| Prompt |
Your task is to restate word for word the lines in the material below, from the one with "The first one" up to and including the one with "Phase two is". Do not carry over the pictures.

-------- Material for this exercise

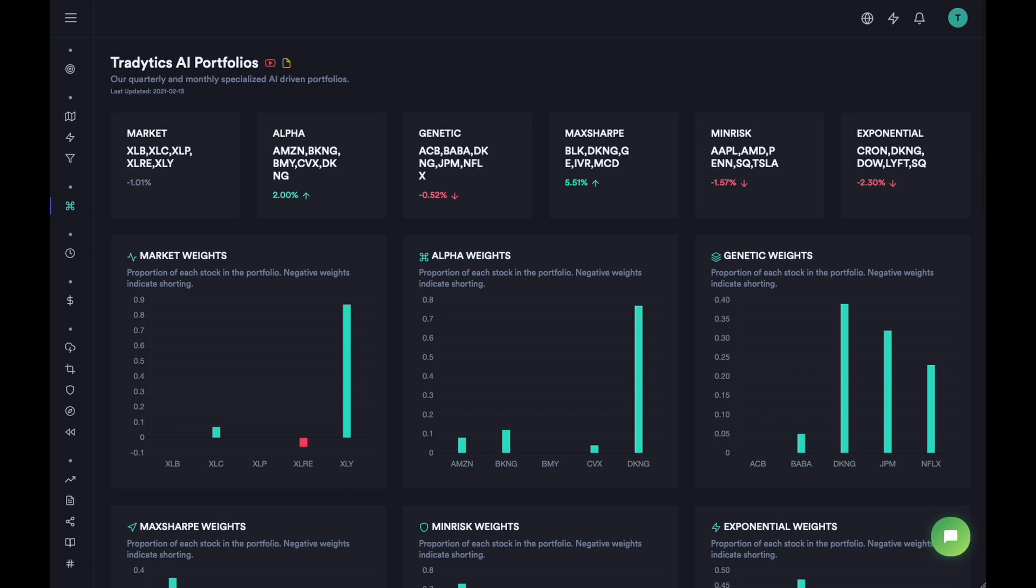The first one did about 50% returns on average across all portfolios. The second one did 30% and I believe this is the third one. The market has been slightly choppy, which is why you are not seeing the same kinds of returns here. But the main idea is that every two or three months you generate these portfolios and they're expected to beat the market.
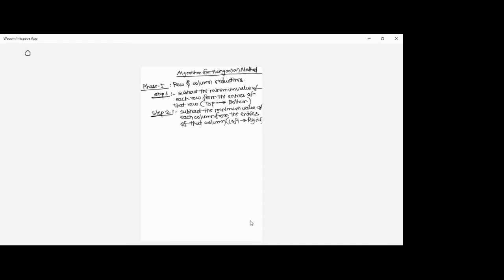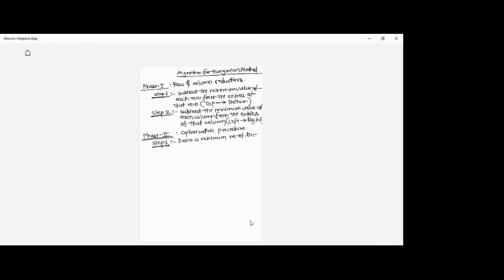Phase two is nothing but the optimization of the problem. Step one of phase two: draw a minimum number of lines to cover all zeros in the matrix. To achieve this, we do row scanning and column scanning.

----------------
-------- Material for this exercise

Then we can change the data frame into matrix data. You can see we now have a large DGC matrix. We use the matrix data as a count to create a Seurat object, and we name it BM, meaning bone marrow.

----------------

| Answer to this exercise |
The first one did about 50% returns on average across all portfolios. The second one did 30% and I believe this is the third one. The market has been slightly choppy, which is why you are not seeing the same kinds of returns here. But the main idea is that every two or three months you generate these portfolios and they're expected to beat the market.
Phase two is nothing but the optimization of the problem. Step one of phase two: draw a minimum number of lines to cover all zeros in the matrix. To achieve this, we do row scanning and column scanning.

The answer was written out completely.